McGowan & Associates reports on our recent work for clients:
January 2019
Owen McGowan recently resolved a personal injury lawsuit that was initiated in the Massachusetts State Court system several years ago and was transferred into federal multi-district litigation involving the motor vehicle manufacturer. The case involved a motor vehicle accident and severe personal injuries sustained by our Massachusetts client due to a motor vehicle component defect. McGowan & Associates obtained a settlement in this automotive defect case that totaled $1.75 Million Dollars on behalf of our client. This settlement in the complex area of law often referred to as “uncrashworthy vehicle” cases was the successful result of the firm’s investment in expert analysis that helped prove the defect was the cause of avoidable injuries. We are proud that this settlement sends a strong message about consumer and vehicle safety to the Automotive Industry.
February 2019
Appeals Court affirms Jury Verdict following Jake Lavin’s Arguments
On October 1, 2018, Jake Lavin argued before the Appeals Court, on issues raised by the Plaintiff as to the propriety of certain jury instructions that were given by the Superior Court in a matter where McGowan & Associates had obtained a defense verdict for a Plaintiff/Homeowner when a roofing subcontractor that was not wearing proper fall protection fell from a roof in Revere, Massachusetts and sustained injuries. The Appeals Court affirmed the judgment on jury verdict on February 28, 2019 for the Defendant homeowners.
April 2019
The Application of the Statute of Repose was clarified in a decision that barred late claims advanced against our client (door installation subcontractor)
On February 14, 2019, the Plaintiff in a personal injury lawsuit sought to amend his complaint to add our client, a commercial door installer that performed an installation at an industrial complex in 2011, to a lawsuit that arose from alleged personal injuries caused when a door closing device detached and struck him. McGowan & Associates opposed the amendment as futile and time barred.
On March 28, 2019, Christopher Greeley (who has held an unrestricted construction supervisors license since 2003) argued in the Superior Court that any cause of action arising out of the installation of the door or door closing device by our client (subcontractor) in 2011 was barred by the six-year statute of repose. G. L. c. 260, § 2B, and that the relation back doctrine, applicable to general statutes of limitations, G. L. c. 231, §51, is not applicable to the statute of repose. The Plaintiff argued that that because the door was a “standard commercial” door and the door closing device came with installation instructions, there was nothing special about the installation to suggest individualized expertise, when in reality the contractor was a skilled and specialized subcontractor retained specifically to install doors. Persuasive authority was provided by both sides.
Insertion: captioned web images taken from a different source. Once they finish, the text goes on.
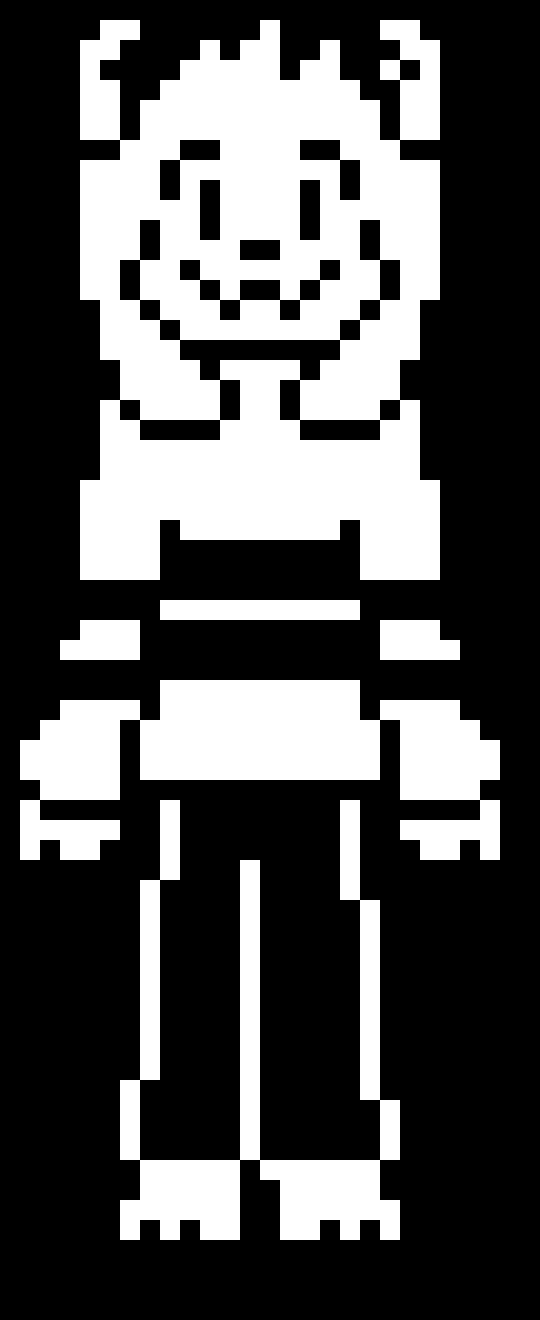 [9664c4] Origins Asriel Sprite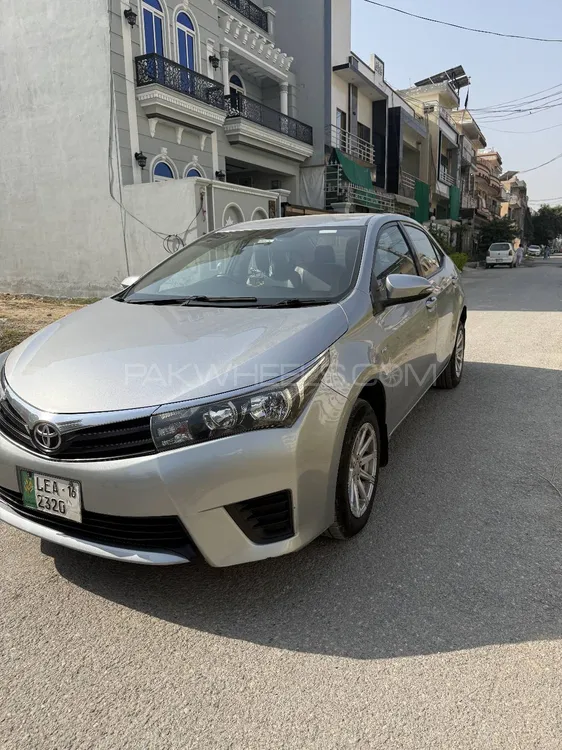 Toyota Corolla 2015 for Sale in Wah cantt Toyota Corolla 2015 for Sale in Wah cantt Image-8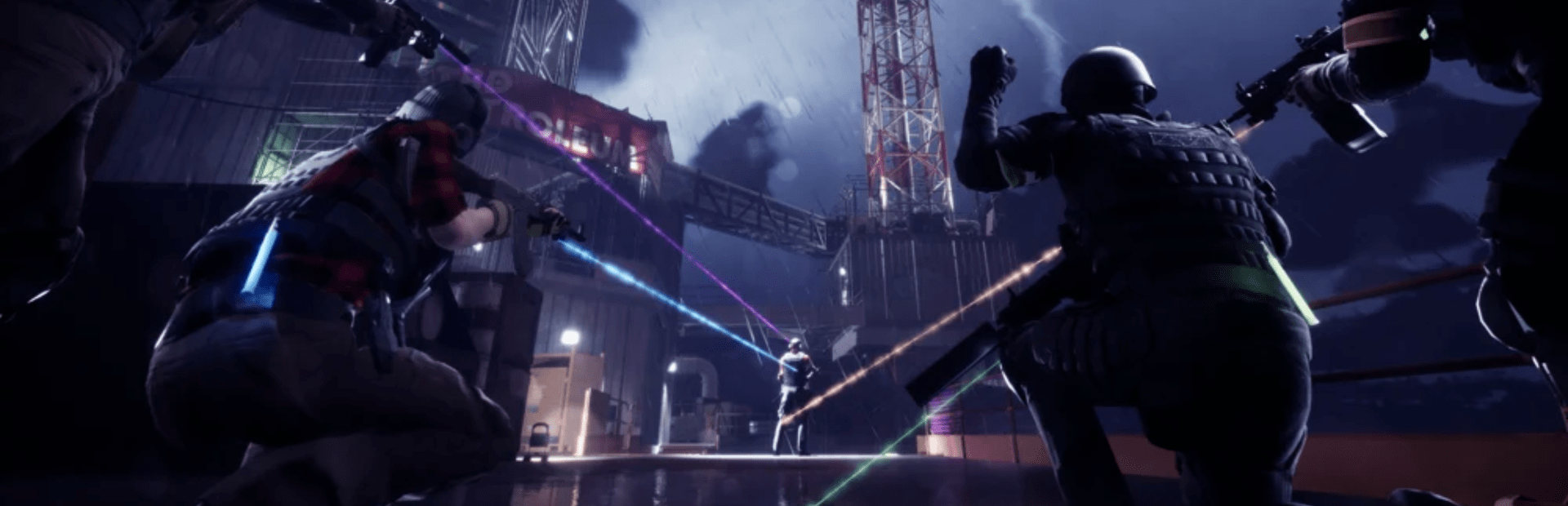 Rogue Point, un emocionante shooter cooperativo de cuatro jugadores Rogue Point, un emocionante shooter cooperativo de cuatro jugadores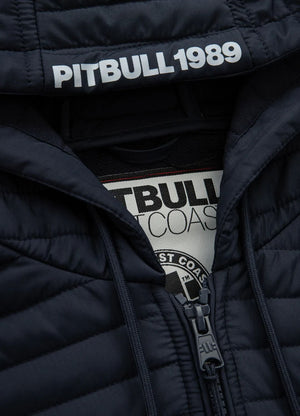 Men's transitional hooded jacket Flanders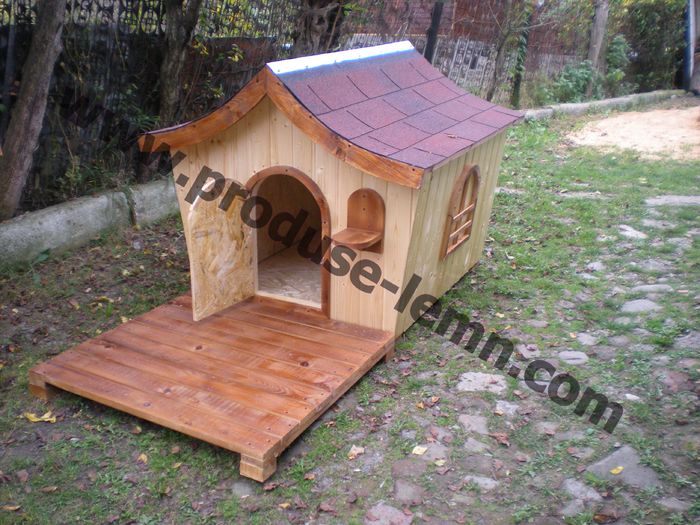 cusca cotet caine izolat termic (14) - 1 Custi cotete lemn --- REALIZATE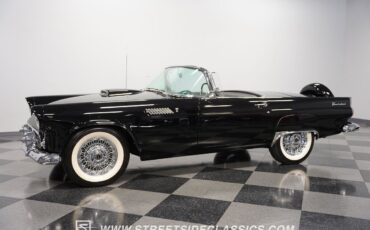 Ford-Thunderbird-Cabriolet-1956-Black-Black-25994-6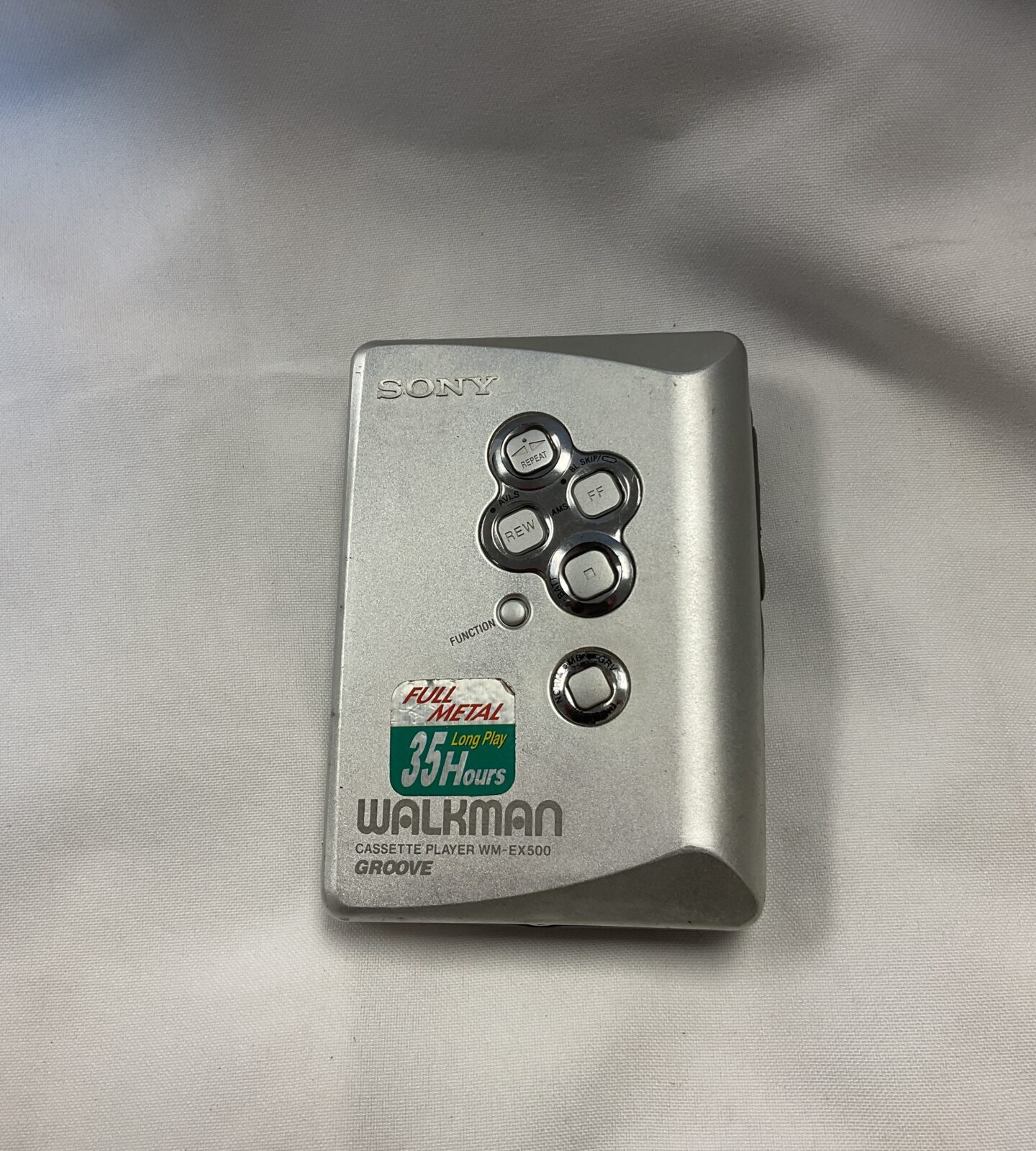 Sony wm-ex500 cassette walkman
On April 3, 2019, the Superior Court issues a seven-page decision denying the proposed amendment to add the contractor, distinguishing the cases that were offered by the Plaintiff. The court held that the installation of the mass produced commercial door and door closing device by the subcontractor in 2011 was nonetheless an improvement for purposes of the statute of repose, as it was a betterment of real property designed to make the property more useful, as distinguished from an ordinary repair, and further indicated that the proposed amended complaint did not plausibly suggest a viable cause of action against the contractor, and the plaintiffs would stand no reasonable expectation of proving at trial that the installation of the commercial door and closing device, as part of a much larger improvements project, would not be construed as an improvement within the meaning of the statute of repose.
A copy of the decision is attached.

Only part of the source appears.